ANCHORAGE, Alaska - Samples from the frozen body of a man buried nearly 80 years ago in the remote northwest Alaskan village of Brevig Mission have yielded valuable clues about the deadly 1918 Spanish influenza epidemic that swept the globe, federal scientists say.
Researchers from the Armed Forces Institute of Pathology, based in Washington, DC, reported last week they had found genetic material from the body of the Inupiat Eskimo man, a victim of the disease that killed 85 percent of the villagers in a single week.
The body exhumed by researchers in their search for the virus remnants had been buried in a mass grave, officials said.
It is the third sample of genetic material that the researchers have managed to collect from that flu virus, said Jeffrey Taubenberger, chief of the institute's molecular pathology division and lead investigator for the project.
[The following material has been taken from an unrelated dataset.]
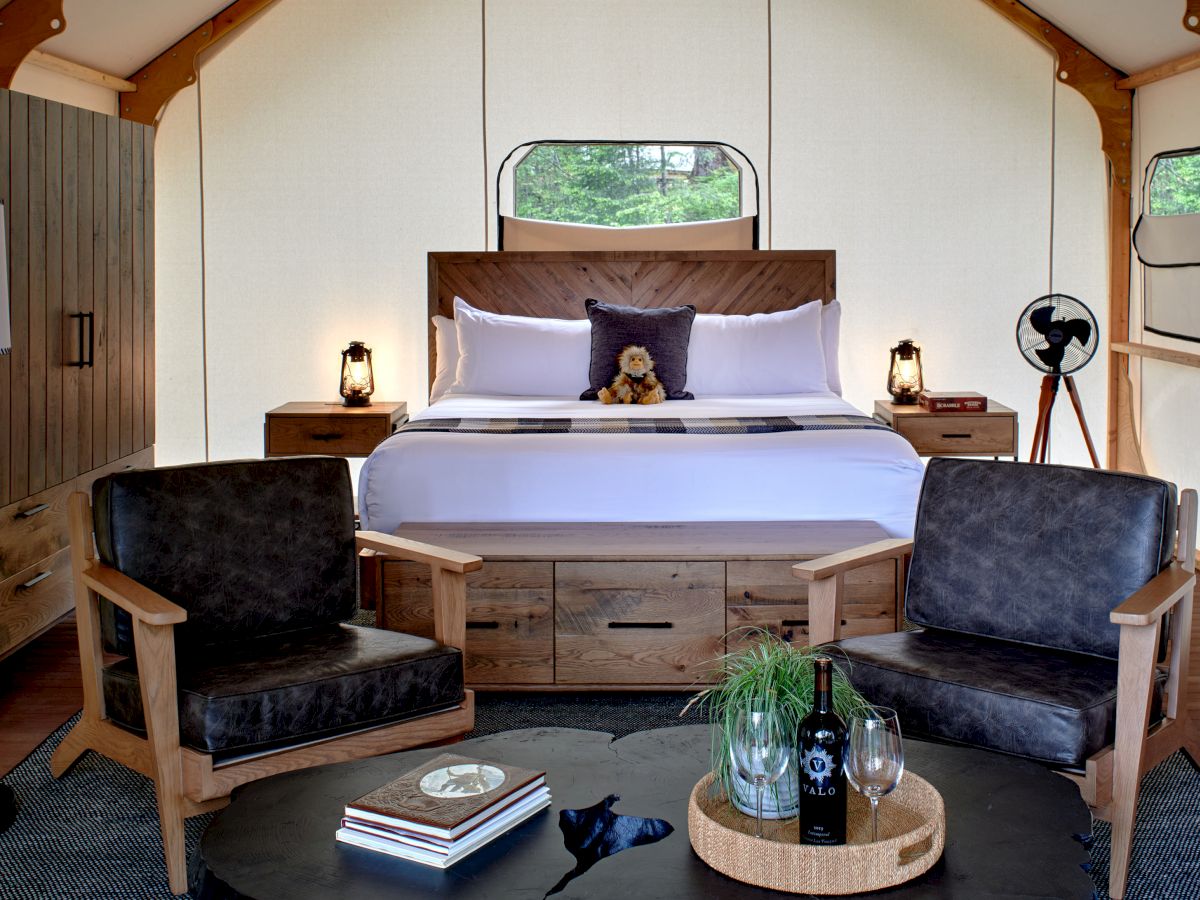 A luxurious hotel tent bedroom with a king bed, wooden furniture, two armchairs, a round coffee table, and tasteful lighting. Ending sentence.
Other samples were collected from lung tissues, preserved in formaldehyde, taken from US soldiers in New York and South Carolina who died from the epidemic.
The genetic material from all flu viruses is in the form of RNA, a single-strand structure that is far less stable than the double-strand DNA, Taubenberger said. RNA usually breaks down in less than a month, he said, and that makes it particularly difficult to preserve.
Each flu virus is genetically unique, he said.
The Alaska information gives researchers enough bits of RNA to piece together the gene sequence from the 1918 virus, Taubenberger said.
That could help health officials cope with the next flu pandemic, he said.
Records dating to the 1700s indicate that global flu epidemics occur every 10 to 30 years, Taubenberger said. With the last major outbreaks occurring in 1957 and 1968, the world is due for another such experience, he said.
"We definitely will see another flu pandemic," he said.
The 1918 epidemic was particularly vicious, killing about 2.5 percent of the US population, Taubenberger said. Victims often succumbed within a few days of contracting the virus, records say.